Noch ein Fan von Quarks&Co, das find ich ja klasse 
Den Ranga Yogeshwar finde ich nämlich auch super und Günther Jauch ist auch gut!


----------



## rabe08 (20. März 2012)

[x] Jeremy Clarkson, wen sonst?


----------



## Blutengel (20. März 2012)

Headcrash schrieb:


> "Quarks&Co"


 

Oooh Gooott,..... also allein wegen der Sendung iss mir dieser Yogeshwar n Grauen.... Wenn ihr fundiertes Wissen wollt, dann haltet Euch an Harald Lesch, aber doch bitte net an diesen Laberkuchen!


----------



## Combi (20. März 2012)

der ranga isses,der macht wenigstens ne sendung mit sinn und bildung...

und der lesch...der toppt sie alle.....

Lesch4thewin!


----------



## POWER_TO_THE_GROUND (20. März 2012)

Der gute alte Günther, kanns immer noch am besten


----------



## Jack ONeill (20. März 2012)

POWER_TO_THE_GROUND schrieb:


> Der gute alte Günther, kanns immer noch am besten



Du sagst es, er ist auch nicht ohne Grund so beliebt

mfg


----------



## 4clocker (21. März 2012)

Harald Schmidt, wegen seines dreckigen Sarkasmus
Günther Jauch, der einzig normale Mensch im TV
Stefan Raab, manchmal etwas unsympathisch aber immer unterhaltsam


----------



## DuG (21. März 2012)

4clocker schrieb:


> Harald Schmidt, wegen seines dreckigen Sarkasmus
> Günther Jauch, der einzig normale Mensch im TV
> Stefan Raab, manchmal etwas unsympathisch aber immer unterhaltsam



true story


----------



## Prozessorarchitektur (21. März 2012)

N un ich muss sagen das mir die übersättigung von jauch aufn nerv ging.Den raaab hatt wegen seiner arroganz bei mir verloren.
harald schmitd nunja, ich weiss nicht. Wofür und wie der drauf ist. und generell ist der mir zu vorsichtig (als kaberatist)Da gefällt mir pispers besser.
oder jürgen becker (Mitternachtspitzen)

achja der DR Lesch ist Legendär, ich mochte seine sendungen alpha centauri und abendessen sendungen von dehn ich den Namen nicht kenne. im ZDf als quasi abendteuer wissen ersatzmann  genial.
Mir fällt auf das mir immer mehr das Programm der ÖR besser gefällt als alle privatsender.
Werd ich alt ? oder wird der privatsender niveau immer niedrieger.
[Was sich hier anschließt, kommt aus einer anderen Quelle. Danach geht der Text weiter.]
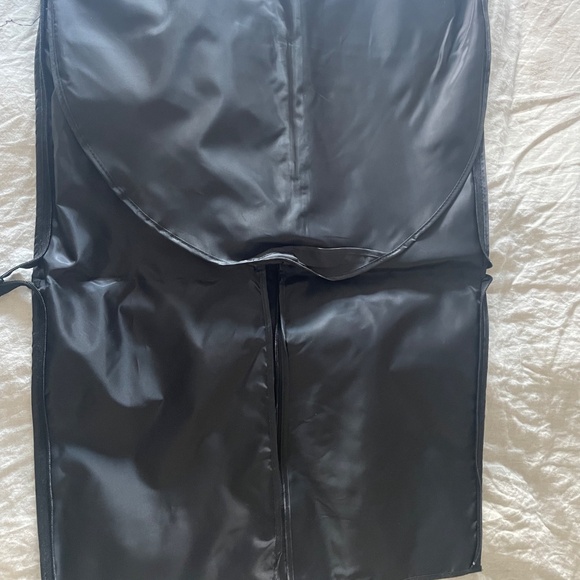 Hangable Theory travel garment bag - Picture 2 of 2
mal nee frage hatt sich das programmkojzept ihn den letzten 20Jahren beim privatsender geändert.
Mir war das programm in den 90zigern wesendlich angenehmer


----------



## onslaught (21. März 2012)

Erwin Pelzig - hält sich, obwohl er ein bisschen nachgelassen hat. Mit Urban Priol im Team bei Neues aus der Anstalt amüsier ich mich köstlich.

Natürlich, im nicht-Kabarett-Bereich, Prof. Harald Lesch


----------



## Micha77 (21. März 2012)

Da fehlt Olli Pocher


----------



## micsterni14 (21. März 2012)

Sonya kraus ...*gggrrrr*


----------



## RyzA (21. März 2012)

Blutengel schrieb:


> Oooh Gooott,..... also allein wegen der Sendung iss mir dieser Yogeshwar n Grauen.... Wenn ihr fundiertes Wissen wollt, dann haltet Euch an Harald Lesch, aber doch bitte net an diesen Laberkuchen!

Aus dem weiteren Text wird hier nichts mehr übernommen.